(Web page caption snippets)
___
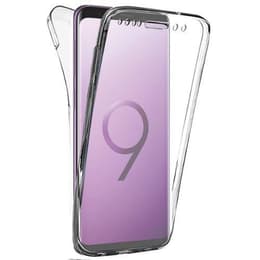 Capa 360 Galaxy S9+ - TPU - Transparente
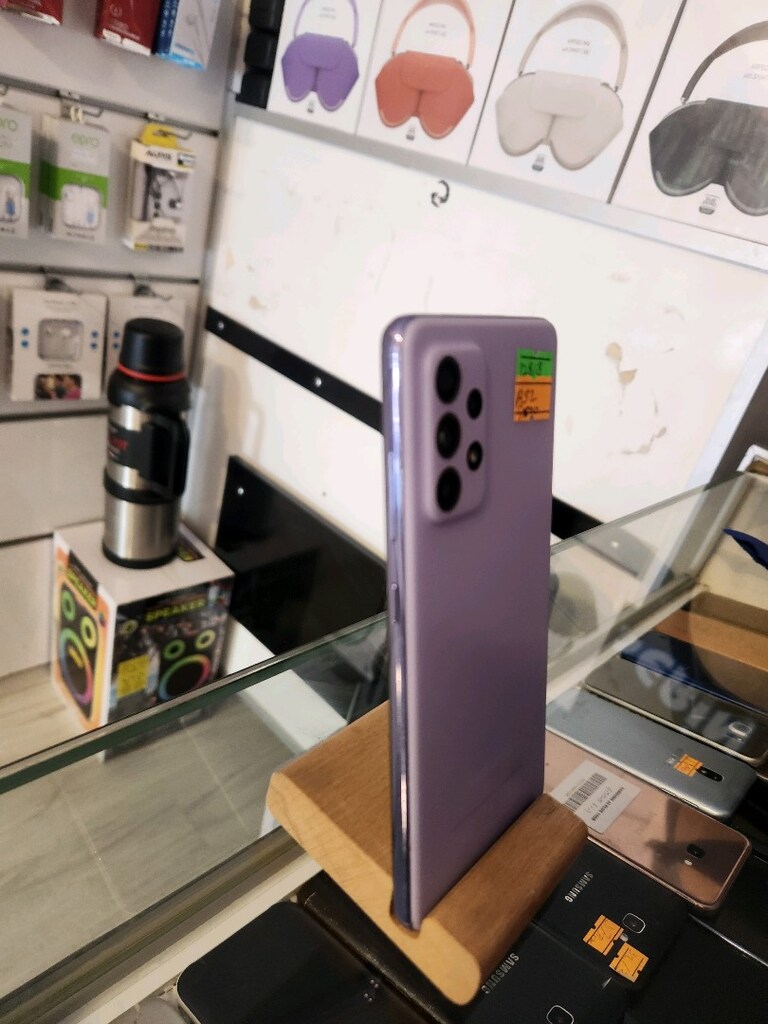 SAMSUNG A52 128 GB 8 GB RAM LİLA RENK - 2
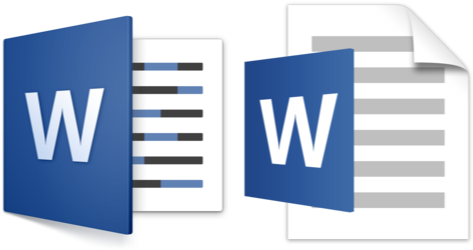 Is Microsoft Word An Operating System - Microsoft Word 2016 Icon (900x450), Png Download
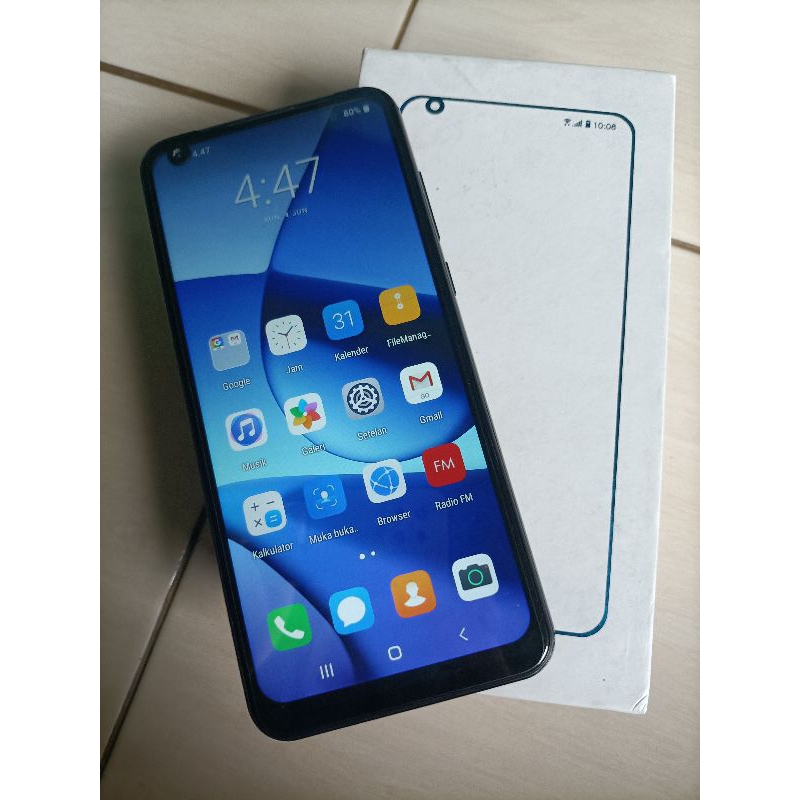 HP murah keren ram 12/512 hdc merk welcome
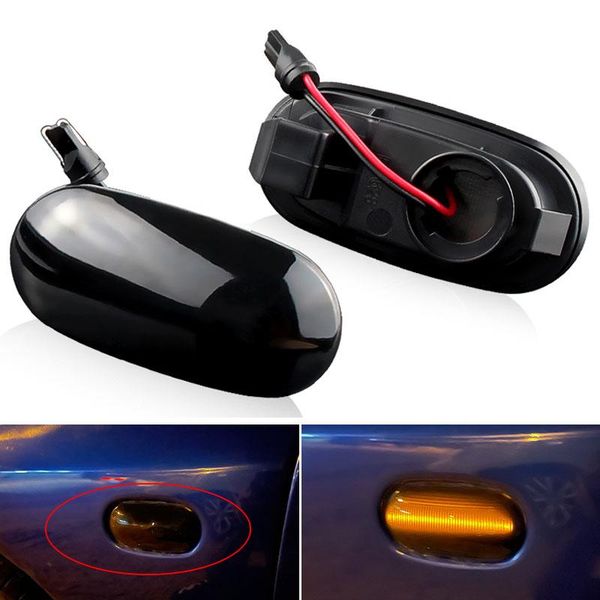 emergency lights 2pcs smoked led side marker turn signal sequential blinker indicator for mitsubishi pajero mirag legnum gelent 1998-2005
emergency lights 2pcs smoked led side marker turn signal sequential blinker indicator for mitsubishi pajero mirag legnum gelent 1998-2005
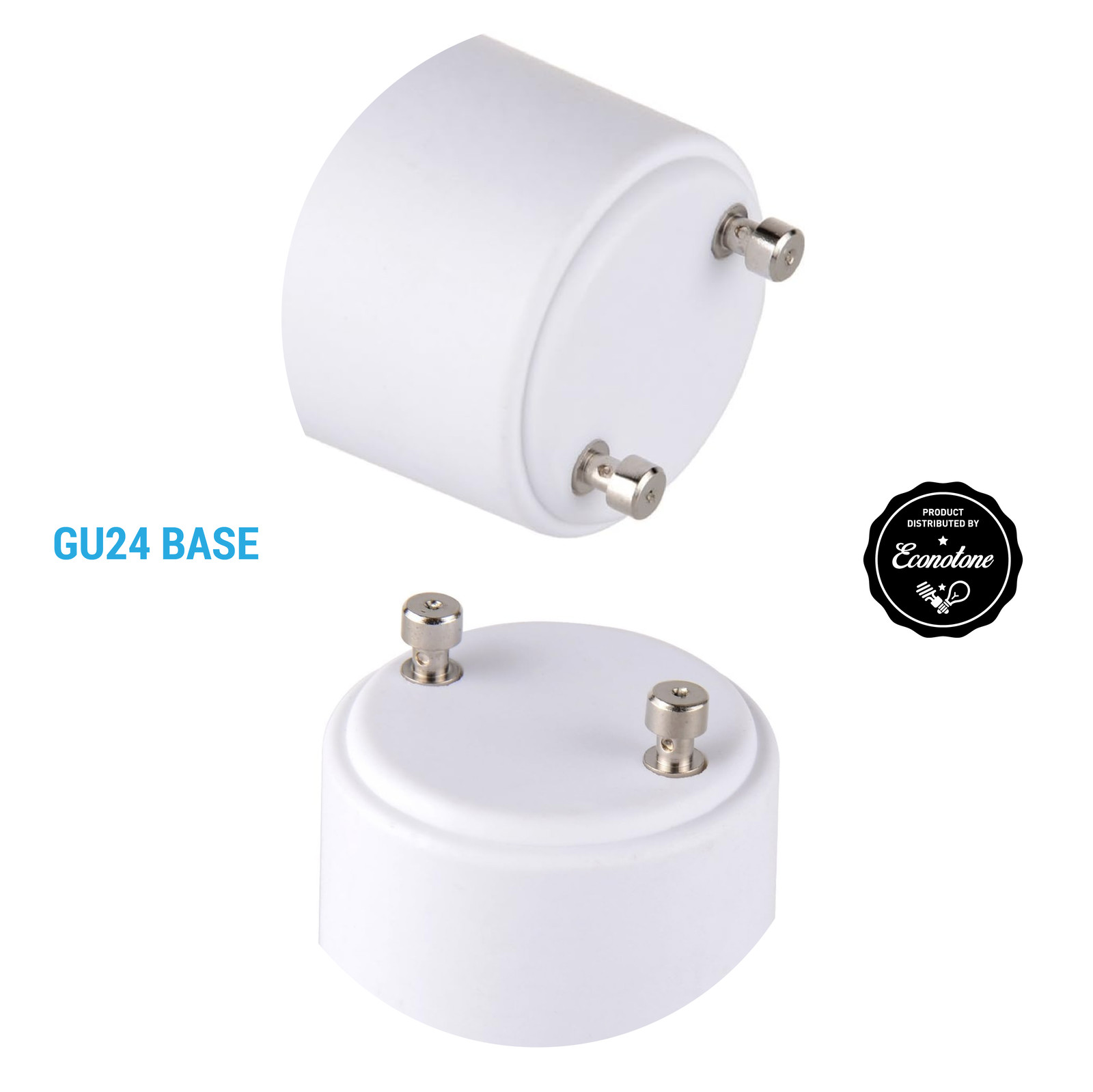 11W =75W Dimmable A19 LED 40K Cool White Frosted Twist and Lock GU24 Base Bulb gallery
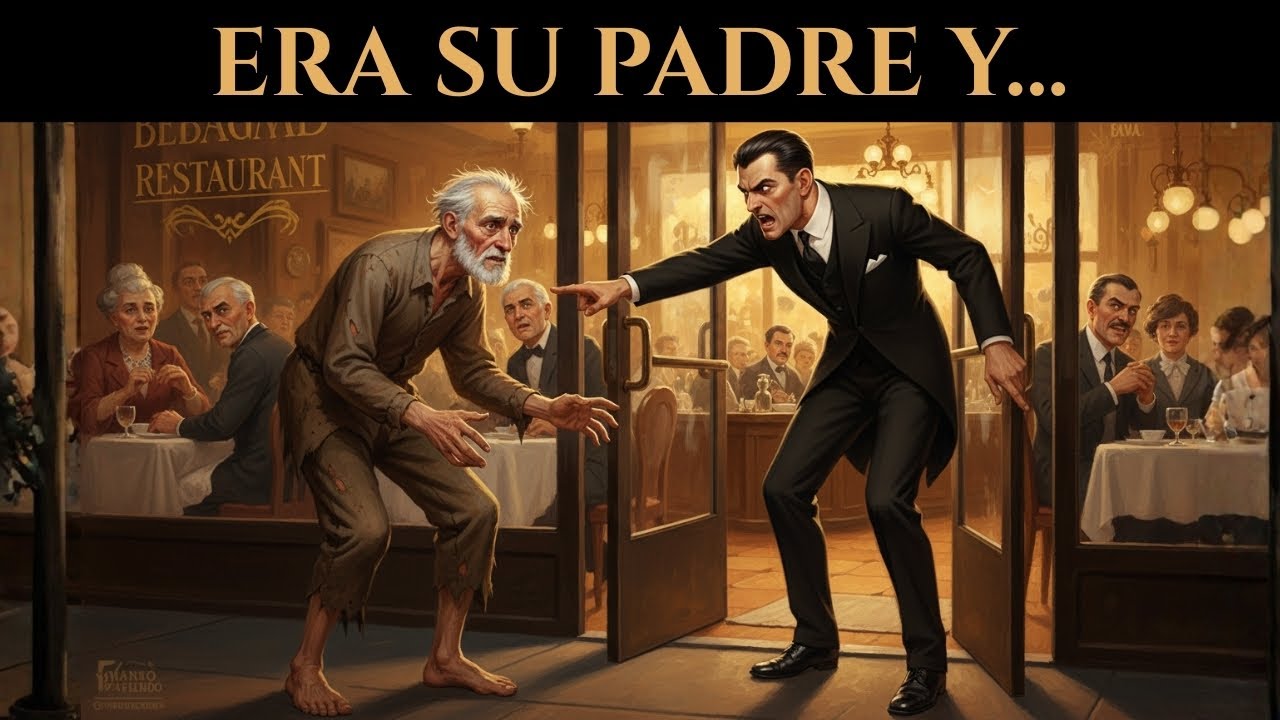 Lo ECHARON de sus casas por ser mendigo... pero era MILLONARIO secreto probándolos. 😭💰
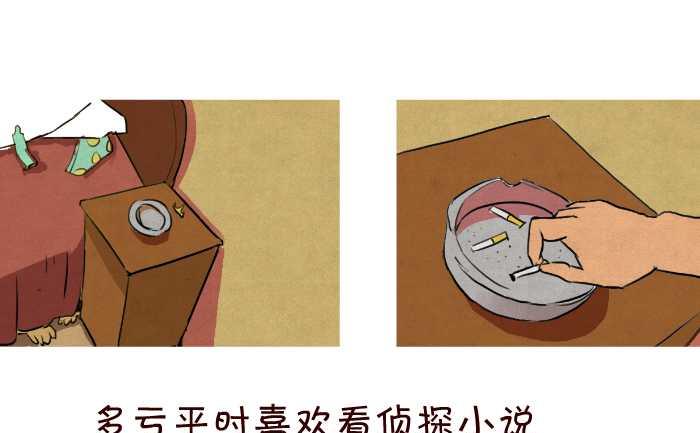互撸大漫画韩漫全集-28 侦探无删减无遮挡章节图片 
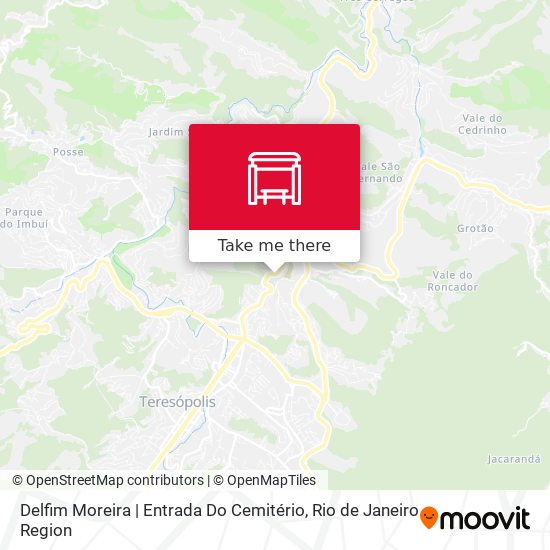 Delfim Moreira | Entrada Do Cemitério map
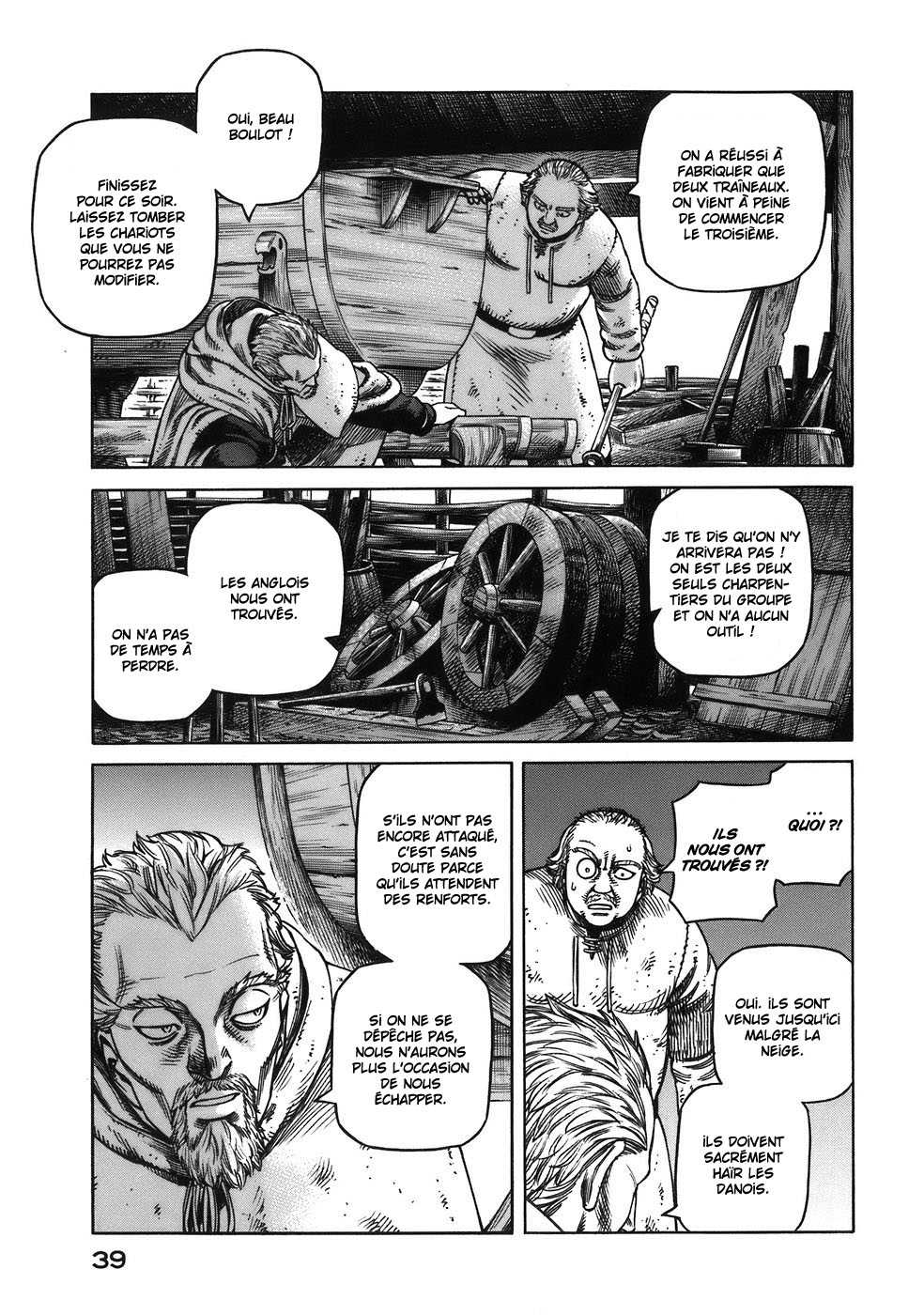 Read Vinland Saga Scan Manga Online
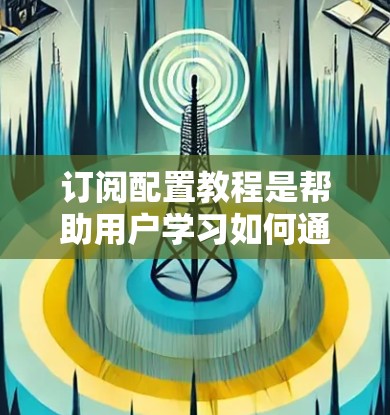 订阅配置教程是帮助用户学习如何通过订阅内容获取信息和资源的方法。以下是详细的步骤指南 订阅配置教程是帮助用户学习如何通过订阅内容获取信息和资源的方法。以下是详细的步骤指南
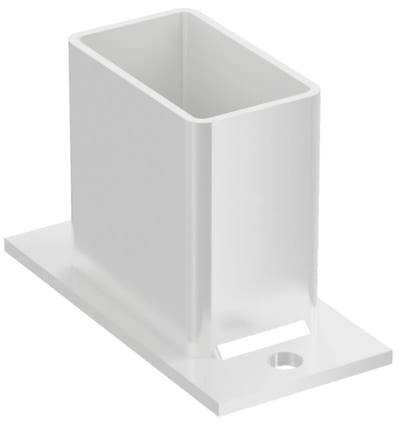 Wibe Group Pendant Support 24/20F Hot-Dip Galvanised Steel White Zinc-Epoxy Coated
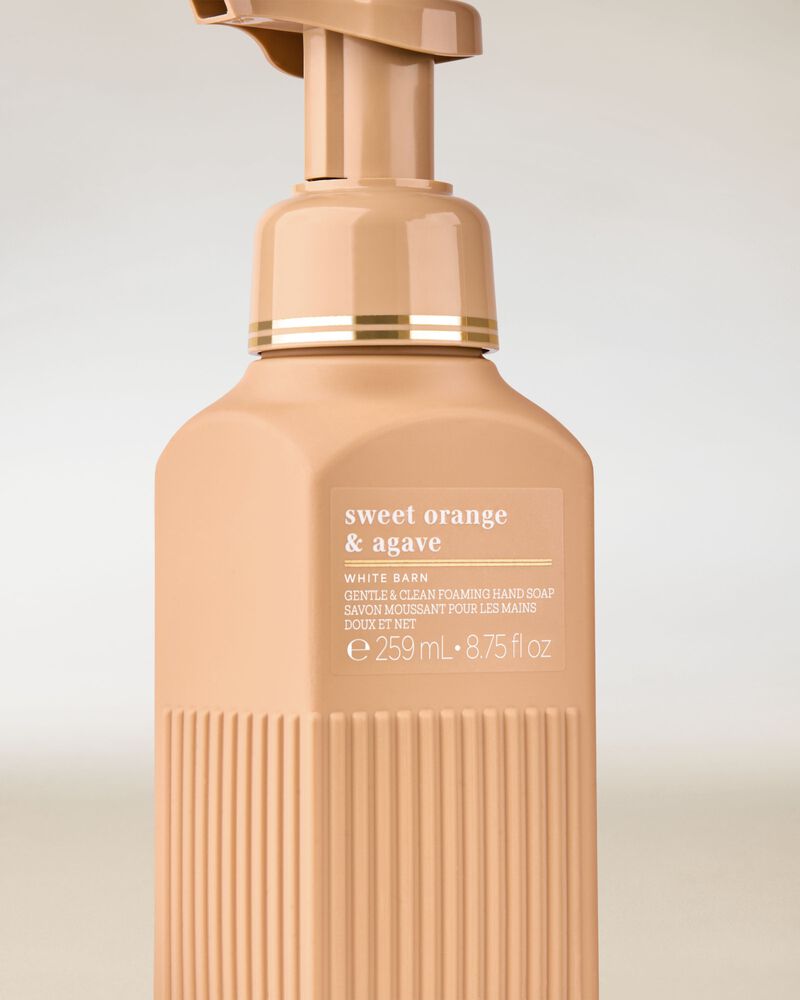 Sweet Orange & Agave Gentle & Clean Foaming Hand Soap 溫和泡泡潔手液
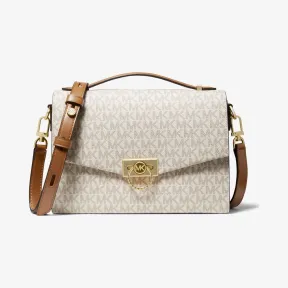迈克高仕/Michael Kors Hendrix 中号徽标邮差包 30F0G1HM2B-1546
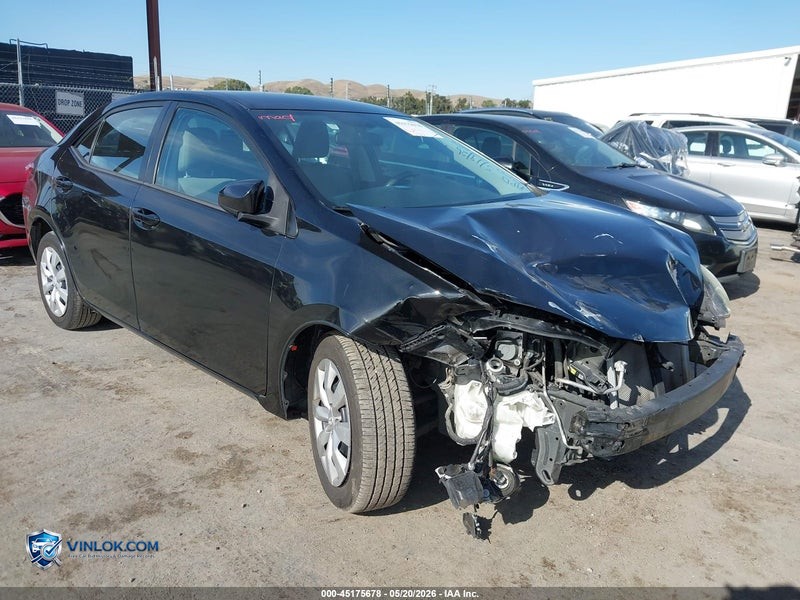 2015 TOYOTA COROLLA LE – Lot 45175678 auction photo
___
* _Exercise brief_
Leave every picture out and retype exactly the lines of the records above from the one holding "互撸大漫画韩漫全集-28 侦探无删减无遮挡章节图片" through the last, both ends included and nothing besides.

* _Answer section_
互撸大漫画韩漫全集-28 侦探无删减无遮挡章节图片 
 Delfim Moreira | Entrada Do Cemitério map
 Read Vinland Saga Scan Manga Online
 订阅配置教程是帮助用户学习如何通过订阅内容获取信息和资源的方法。以下是详细的步骤指南 订阅配置教程是帮助用户学习如何通过订阅内容获取信息和资源的方法。以下是详细的步骤指南
 Wibe Group Pendant Support 24/20F Hot-Dip Galvanised Steel White Zinc-Epoxy Coated
 Sweet Orange & Agave Gentle & Clean Foaming Hand Soap 溫和泡泡潔手液
迈克高仕/Michael Kors Hendrix 中号徽标邮差包 30F0G1HM2B-1546
 2015 TOYOTA COROLLA LE – Lot 45175678 auction photo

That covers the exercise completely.